The IDF is suffering a personnel shortage, especially in the field combat units. One of the root causes of this crisis is the growth of the Arab and ultra-Orthodox Jewish populations, who are not conscripted. These groups now account for nearly 50% of the draft-aged cohort. A decline in the motivation of young Israelis to sign up for combat units along with increased interest in reserve service and service in the IDF’s technological units also contribute to the problem, as does the recent shortening of mandatory military service from 36 to 30 months.

“Our enemies have realized,” said the former top military source, “that if they operate simultaneously, their prospects of success increase.” Israel has in the past won multi-theater wars, such as the 1948 War of Independence (repelling an invasion of the fledgling state by several Arab armies and Palestinian groups), the 1967 Six Dar War (vanquishing three Arab states and Iraqi reinforcements) and the 1973 Yom Kippur War (overcoming a combined surprise attack by the Syrian and Egyptian armies).

However, the IDF had thousands of tanks and hundreds of thousands of reserve troops in those days. This is no longer true and during the recent Operation Guardian of the Walls, the IDF found itself for the first time in many years dealing simultaneously with several arenas. “And this is even without Hezbollah intervention,” the former military official told Al-Monitor. “Hezbollah’s firepower is 10 times that of Hamas, its ground forces are trained and very experienced, its fighters have gained self-confidence during the Syrian civil war and it is also advanced in terms of intelligence, operational ground forces and even technological means. We must be able to fight on several fronts at the same time and win. Right now, I am not sure that is the case.”
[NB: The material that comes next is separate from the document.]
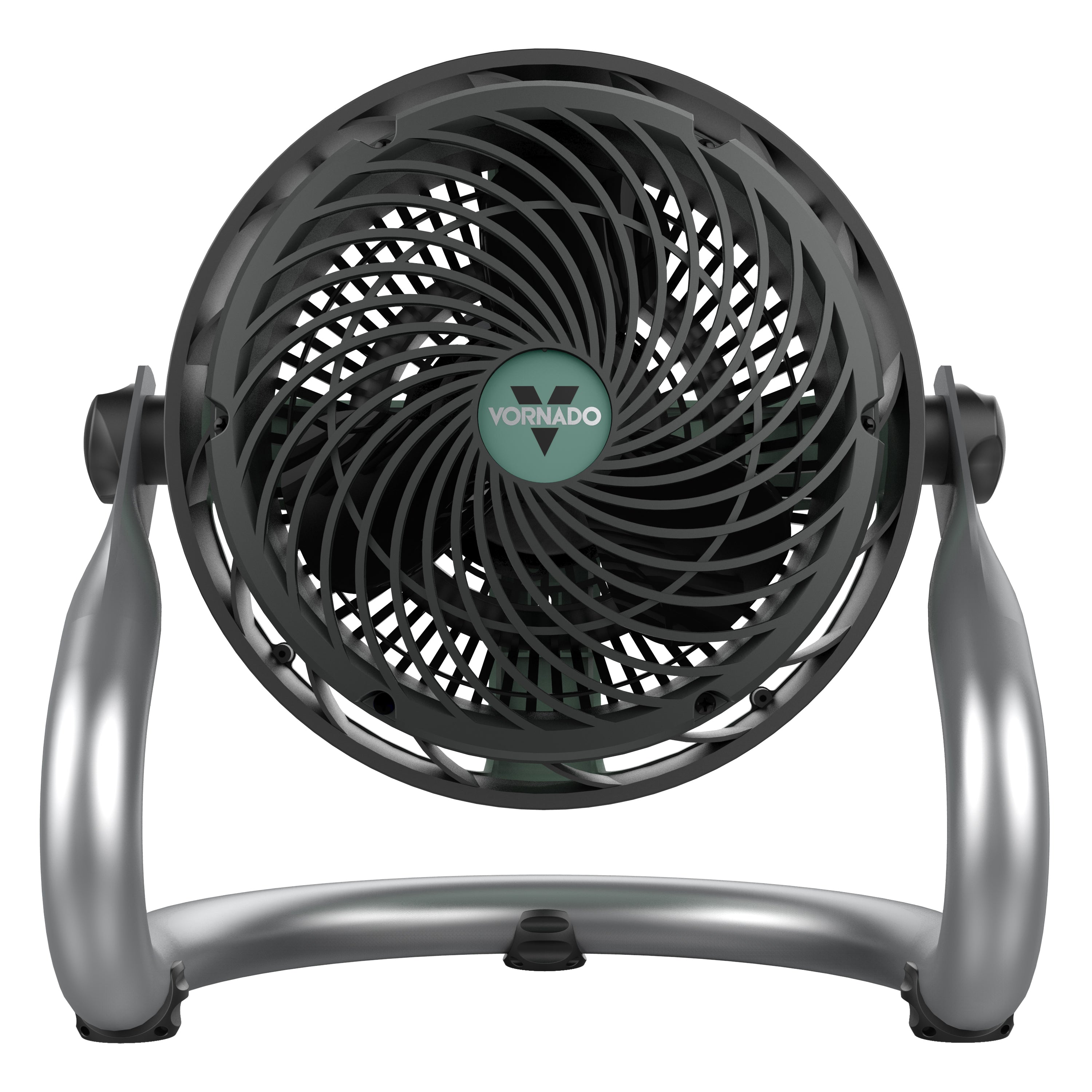 Black and silver Vornado fan on a white background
One of the ideas to emerge recently in this regard is the formation of a national guard under the purview of the police of reserve soldiers who undergo specialized training. This force of several battalions will beef up the police in quelling domestic riots that could disrupt the call-up of military reserves and the movement of IDF troops in times of war, leaving the IDF free to deal with external enemies. The idea, proposed recently by IDF Operations Chief Maj. Gen. Aharon Haliwa, is in its infancy.